MOTIFS DE LA DÉCISION
Conformément à l’article 58, paragraphe 1, point a), du RMUE, le titulaire de la marque de l’Union européenne est déclaré déchu de ses droits, sur demande présentée auprès de l’Office si, pendant une période ininterrompue de cinq ans, la marque n’a pas fait l’objet d’un usage sérieux dans l’Union pour les produits ou les services pour lesquels elle est enregistrée, et qu’il n’existe pas de justes motifs pour le non-usage.
Une marque fait l’objet d’un «usage sérieux» lorsqu’elle est utilisée, conformément à sa fonction essentielle qui est de garantir l’identité d’origine des produits ou des services pour lesquels elle est enregistrée, aux fins de créer ou de conserver un débouché pour ces produits ou services. L’usage sérieux nécessite un usage effectif sur le marché des produits et services enregistrés et n’inclut pas un usage symbolique ayant pour seul objet le maintien des droits conférés par la marque, ni un usage qui est uniquement interne (11/03/2003,40/01, Minimax, EU:C:2003:145, § 35-37 et 43).
L’appréciation du caractère sérieux de l’usage de la marque doit reposer sur l’ensemble des faits et des circonstances propres à établir la réalité de son exploitation commerciale, en particulier les usages considérés comme justifiés dans le secteur économique concerné pour maintenir ou créer des parts de marché au profit des produits ou des services protégés par la marque (11/03/2003,40/01, Minimax, EU:C:2003:145, § 38).
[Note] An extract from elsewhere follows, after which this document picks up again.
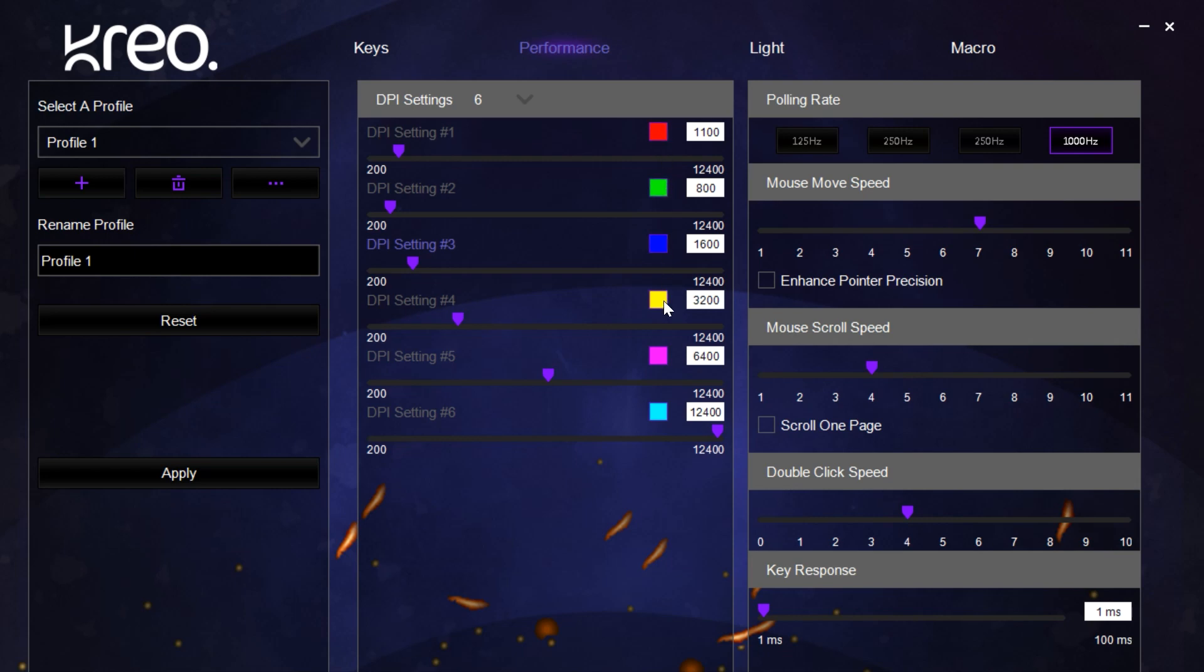Here we have the polling rate section. This can be set from anywhere between 125 Hertz to 1000 Hertz. 1000 is what we recommend you leave it set.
En revanche, l’objectif de la disposition selon laquelle la marque doit avoir fait l’objet d’un usage sérieux «ne vise ni à évaluer la réussite commerciale ni à contrôler la stratégie économique d’une entreprise ou encore à réserver la protection des marques à leurs seules exploitations commerciales quantitativement importantes» (08/07/2004,203/02, VITAFRUIT/VITAFRUT, EU:T:2004:225,
§ 38).
Conformément à l’article 19, paragraphe 1, du RDMUE, lu conjointement avec l’article 10, paragraphe 3, du RDMUE, les indications et les preuves de l’usage doivent établir le lieu, la durée, l’importance et la nature de l’usage qui a été fait de la marque contestée pour les produits et/ou services pour lesquels elle est enregistrée.
Dans le cadre d’une procédure de déchéance fondée sur des motifs de non-usage, la charge de la preuve incombe à la titulaire de la MUE, étant donné qu’il ne saurait être attendu de la demanderesse qu’elle prouve un fait négatif, à savoir que la marque n’a pas été utilisée pendant une période ininterrompue de cinq ans. Par conséquent, c’est à la titulaire de la marque de l’Union européenne qu’il incombe de prouver l’usage sérieux dans l’Union européenne ou de présenter de justes motifs pour le non-usage.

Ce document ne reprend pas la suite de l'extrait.